## INFORMATION PROVIDED
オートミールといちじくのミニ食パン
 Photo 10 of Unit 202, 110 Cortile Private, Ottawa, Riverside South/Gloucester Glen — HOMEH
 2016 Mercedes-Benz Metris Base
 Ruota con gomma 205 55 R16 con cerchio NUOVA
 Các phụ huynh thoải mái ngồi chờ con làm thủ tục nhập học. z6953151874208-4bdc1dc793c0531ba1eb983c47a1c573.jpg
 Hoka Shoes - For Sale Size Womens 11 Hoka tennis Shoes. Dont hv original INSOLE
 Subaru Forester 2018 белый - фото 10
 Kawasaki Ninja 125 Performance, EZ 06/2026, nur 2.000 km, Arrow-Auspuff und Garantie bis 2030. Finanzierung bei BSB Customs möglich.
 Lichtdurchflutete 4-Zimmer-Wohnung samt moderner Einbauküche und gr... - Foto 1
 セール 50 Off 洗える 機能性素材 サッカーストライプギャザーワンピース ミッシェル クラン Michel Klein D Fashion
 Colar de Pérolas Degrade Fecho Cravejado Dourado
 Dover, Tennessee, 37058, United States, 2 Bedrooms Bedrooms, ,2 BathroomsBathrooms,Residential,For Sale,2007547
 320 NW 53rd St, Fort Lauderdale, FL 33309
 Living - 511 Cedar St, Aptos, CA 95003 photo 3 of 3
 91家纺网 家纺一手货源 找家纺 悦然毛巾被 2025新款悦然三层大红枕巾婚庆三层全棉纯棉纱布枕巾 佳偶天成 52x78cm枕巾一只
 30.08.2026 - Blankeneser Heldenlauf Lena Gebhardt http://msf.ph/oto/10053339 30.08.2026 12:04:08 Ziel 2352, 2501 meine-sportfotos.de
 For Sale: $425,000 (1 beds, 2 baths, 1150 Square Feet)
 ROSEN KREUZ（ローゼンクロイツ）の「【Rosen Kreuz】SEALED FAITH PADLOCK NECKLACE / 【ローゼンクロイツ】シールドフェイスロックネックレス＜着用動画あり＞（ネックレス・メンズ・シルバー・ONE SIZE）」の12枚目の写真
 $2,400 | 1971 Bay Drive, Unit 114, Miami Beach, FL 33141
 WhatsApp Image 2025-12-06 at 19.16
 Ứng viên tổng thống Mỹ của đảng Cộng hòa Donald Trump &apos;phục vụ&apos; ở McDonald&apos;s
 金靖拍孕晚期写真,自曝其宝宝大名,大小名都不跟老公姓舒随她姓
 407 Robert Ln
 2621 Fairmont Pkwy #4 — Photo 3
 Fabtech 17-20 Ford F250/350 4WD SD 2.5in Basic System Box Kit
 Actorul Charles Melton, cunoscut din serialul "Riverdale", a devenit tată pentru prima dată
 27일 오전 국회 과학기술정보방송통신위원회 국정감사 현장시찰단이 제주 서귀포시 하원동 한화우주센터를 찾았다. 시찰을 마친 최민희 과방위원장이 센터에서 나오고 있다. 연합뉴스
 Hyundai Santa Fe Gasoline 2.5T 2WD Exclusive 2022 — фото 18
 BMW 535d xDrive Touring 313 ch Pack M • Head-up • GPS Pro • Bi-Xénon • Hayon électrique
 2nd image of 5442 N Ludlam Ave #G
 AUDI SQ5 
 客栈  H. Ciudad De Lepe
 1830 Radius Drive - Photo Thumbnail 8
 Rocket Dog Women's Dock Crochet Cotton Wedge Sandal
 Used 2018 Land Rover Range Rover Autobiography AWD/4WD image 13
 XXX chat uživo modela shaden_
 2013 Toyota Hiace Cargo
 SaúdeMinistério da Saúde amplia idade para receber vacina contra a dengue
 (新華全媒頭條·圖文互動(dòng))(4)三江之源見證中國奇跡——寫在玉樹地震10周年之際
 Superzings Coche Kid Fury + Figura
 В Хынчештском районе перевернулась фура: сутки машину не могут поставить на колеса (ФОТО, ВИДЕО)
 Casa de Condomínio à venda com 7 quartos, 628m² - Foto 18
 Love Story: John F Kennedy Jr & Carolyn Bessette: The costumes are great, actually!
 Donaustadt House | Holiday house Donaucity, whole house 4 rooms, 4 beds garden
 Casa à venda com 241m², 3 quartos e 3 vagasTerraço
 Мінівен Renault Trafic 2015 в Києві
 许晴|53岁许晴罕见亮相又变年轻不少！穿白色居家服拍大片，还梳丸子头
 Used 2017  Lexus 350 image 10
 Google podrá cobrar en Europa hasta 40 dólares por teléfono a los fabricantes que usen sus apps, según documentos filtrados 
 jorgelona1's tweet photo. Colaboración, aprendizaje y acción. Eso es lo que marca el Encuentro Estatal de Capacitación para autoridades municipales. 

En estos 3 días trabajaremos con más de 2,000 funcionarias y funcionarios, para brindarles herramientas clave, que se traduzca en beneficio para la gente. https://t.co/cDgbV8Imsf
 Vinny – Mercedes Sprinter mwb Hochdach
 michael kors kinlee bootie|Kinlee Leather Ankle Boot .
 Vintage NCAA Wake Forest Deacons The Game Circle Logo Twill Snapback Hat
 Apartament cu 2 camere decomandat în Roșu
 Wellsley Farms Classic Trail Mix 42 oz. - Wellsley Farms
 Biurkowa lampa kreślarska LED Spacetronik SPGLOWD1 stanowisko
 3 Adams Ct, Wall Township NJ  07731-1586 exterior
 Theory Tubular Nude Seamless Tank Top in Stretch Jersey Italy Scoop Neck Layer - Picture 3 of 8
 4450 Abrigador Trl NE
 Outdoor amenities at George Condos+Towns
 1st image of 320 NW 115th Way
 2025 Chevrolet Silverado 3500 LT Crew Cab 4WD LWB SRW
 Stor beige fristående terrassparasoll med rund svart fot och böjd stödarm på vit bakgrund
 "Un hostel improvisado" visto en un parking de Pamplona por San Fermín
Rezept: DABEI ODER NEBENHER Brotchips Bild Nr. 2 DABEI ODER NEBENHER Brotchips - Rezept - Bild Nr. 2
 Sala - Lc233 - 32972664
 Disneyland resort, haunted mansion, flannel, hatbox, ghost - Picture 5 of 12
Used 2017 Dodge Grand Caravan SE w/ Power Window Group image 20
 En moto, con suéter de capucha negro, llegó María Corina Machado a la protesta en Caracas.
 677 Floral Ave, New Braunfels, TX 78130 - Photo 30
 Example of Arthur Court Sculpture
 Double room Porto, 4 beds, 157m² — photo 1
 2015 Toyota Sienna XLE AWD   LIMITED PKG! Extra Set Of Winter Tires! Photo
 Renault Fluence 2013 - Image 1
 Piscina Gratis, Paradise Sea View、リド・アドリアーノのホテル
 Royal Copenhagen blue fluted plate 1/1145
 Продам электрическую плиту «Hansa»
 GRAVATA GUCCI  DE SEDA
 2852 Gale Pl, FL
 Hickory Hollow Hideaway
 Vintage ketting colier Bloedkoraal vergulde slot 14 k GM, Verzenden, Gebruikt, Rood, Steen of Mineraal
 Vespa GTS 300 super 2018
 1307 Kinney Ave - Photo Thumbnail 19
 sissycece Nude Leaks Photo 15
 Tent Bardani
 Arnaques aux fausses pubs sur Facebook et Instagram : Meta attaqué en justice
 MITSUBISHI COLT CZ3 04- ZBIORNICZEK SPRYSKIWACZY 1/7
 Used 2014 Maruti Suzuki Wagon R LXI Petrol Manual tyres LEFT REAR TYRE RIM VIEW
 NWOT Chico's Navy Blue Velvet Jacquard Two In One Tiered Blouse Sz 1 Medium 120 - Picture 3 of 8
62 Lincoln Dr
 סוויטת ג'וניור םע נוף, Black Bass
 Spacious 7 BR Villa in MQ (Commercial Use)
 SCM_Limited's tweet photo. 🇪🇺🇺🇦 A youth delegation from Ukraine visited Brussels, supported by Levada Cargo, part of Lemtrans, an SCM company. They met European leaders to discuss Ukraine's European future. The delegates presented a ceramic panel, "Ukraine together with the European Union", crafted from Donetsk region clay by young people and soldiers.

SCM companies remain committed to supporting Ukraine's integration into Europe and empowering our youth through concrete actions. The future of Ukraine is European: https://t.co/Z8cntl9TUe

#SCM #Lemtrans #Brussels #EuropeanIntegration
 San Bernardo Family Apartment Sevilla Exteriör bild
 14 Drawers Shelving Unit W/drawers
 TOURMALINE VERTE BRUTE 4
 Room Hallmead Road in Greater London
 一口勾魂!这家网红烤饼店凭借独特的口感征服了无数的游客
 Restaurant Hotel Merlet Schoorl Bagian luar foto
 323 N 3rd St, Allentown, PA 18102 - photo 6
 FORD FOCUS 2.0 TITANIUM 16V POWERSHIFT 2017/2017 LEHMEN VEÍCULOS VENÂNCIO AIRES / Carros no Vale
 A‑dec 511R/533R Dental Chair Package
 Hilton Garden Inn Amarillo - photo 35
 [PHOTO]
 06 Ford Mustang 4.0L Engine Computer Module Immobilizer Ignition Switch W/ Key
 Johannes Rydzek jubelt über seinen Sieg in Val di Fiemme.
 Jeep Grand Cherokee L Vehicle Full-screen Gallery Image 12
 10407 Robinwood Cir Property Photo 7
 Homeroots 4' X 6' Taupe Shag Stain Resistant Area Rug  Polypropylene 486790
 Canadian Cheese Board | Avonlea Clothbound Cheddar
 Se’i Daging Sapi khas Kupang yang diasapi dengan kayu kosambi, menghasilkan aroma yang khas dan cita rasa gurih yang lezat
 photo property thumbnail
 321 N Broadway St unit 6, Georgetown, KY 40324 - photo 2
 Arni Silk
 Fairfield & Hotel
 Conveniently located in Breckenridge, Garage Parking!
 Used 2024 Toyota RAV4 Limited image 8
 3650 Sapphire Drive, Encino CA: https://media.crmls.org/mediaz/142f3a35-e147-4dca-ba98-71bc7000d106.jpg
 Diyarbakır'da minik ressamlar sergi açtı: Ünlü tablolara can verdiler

## YOUR INSTRUCTIONS
Your answer should be the lines of the listing above between the line holding "Google podrá cobrar" and the line holding "Vintage NCAA Wake", inclusive, restated word for word and alone.

## RESPONSE TO THIS TASK
 Google podrá cobrar en Europa hasta 40 dólares por teléfono a los fabricantes que usen sus apps, según documentos filtrados 
 jorgelona1's tweet photo. Colaboración, aprendizaje y acción. Eso es lo que marca el Encuentro Estatal de Capacitación para autoridades municipales. 

En estos 3 días trabajaremos con más de 2,000 funcionarias y funcionarios, para brindarles herramientas clave, que se traduzca en beneficio para la gente. https://t.co/cDgbV8Imsf
 Vinny – Mercedes Sprinter mwb Hochdach
 michael kors kinlee bootie|Kinlee Leather Ankle Boot .
 Vintage NCAA Wake Forest Deacons The Game Circle Logo Twill Snapback Hat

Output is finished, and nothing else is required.